Segundo os autores, o decreto 55, de 18 de novembro de 1966, que criou a Empresa Brasileira de Turismo (Embratur) e estabeleceu uma miríade de benefícios fiscais e financiamentos para empresários que investissem no setor, acabou também sendo usado por moteleiros. A lei permitia o uso de recursos para financiar estabelecimentos de hospedagem à beira da estradas, ao estilo dos seus similares norte-americanos, com o objetivo de incentivar o turismo rodoviário pelo país. Sem fiscalização, muitos donos de motéis para encontros se beneficiaram e construíram seus negócios com recursos públicos. O Anuário Estatístico da Embratur, de 1979, aponta a existência de 352 motéis registrados no órgão em 165 municípios de todo o Brasil. Só no Rio, eram cinquenta estabelecimentos em quinze municípios. Era muito motel para pouca estrada.

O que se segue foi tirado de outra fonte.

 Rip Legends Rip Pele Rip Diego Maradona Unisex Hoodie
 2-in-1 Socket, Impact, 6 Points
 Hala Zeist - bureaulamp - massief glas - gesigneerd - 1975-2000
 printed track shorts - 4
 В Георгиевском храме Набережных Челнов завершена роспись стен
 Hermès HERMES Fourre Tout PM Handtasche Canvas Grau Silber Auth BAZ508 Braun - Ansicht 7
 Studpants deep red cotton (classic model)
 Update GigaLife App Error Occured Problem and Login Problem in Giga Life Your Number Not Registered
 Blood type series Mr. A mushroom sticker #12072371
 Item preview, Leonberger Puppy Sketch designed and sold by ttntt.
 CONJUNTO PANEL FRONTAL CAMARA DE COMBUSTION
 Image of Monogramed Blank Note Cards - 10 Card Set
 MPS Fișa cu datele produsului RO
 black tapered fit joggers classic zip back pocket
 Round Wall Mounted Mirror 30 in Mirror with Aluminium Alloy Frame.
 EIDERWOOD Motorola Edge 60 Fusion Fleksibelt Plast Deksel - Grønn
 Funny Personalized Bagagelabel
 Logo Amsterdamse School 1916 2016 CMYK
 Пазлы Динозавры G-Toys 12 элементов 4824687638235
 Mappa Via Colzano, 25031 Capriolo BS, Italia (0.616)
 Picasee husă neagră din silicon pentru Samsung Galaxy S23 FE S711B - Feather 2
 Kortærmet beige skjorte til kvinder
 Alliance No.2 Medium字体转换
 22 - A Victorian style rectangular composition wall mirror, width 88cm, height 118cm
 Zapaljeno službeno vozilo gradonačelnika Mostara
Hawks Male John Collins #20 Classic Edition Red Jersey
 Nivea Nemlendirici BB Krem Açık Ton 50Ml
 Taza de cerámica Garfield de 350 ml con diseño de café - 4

Os autores constroem um amplo painel da evolução dos costumes do Brasil, a partir de fatos que giram em torno dos motéis e de seus ancestrais, os chamados hotéis de alta rotatividade. O primeiro deles, inaugurado em 1926, ainda resiste em pé, embora inativo: o Hotel Leblon, na zona sul do Rio de Janeiro, onde, como dizia o jornalista e escritor Antonio Maria, era possível “amar sem castigo”. Ciça e Murilo descrevem como a revolução sexual, a luta pelos direitos da mulher, a pílula anticoncepcional e o desenvolvimento da indústria automobilística no país foram cruciais para a perenidade do negócio.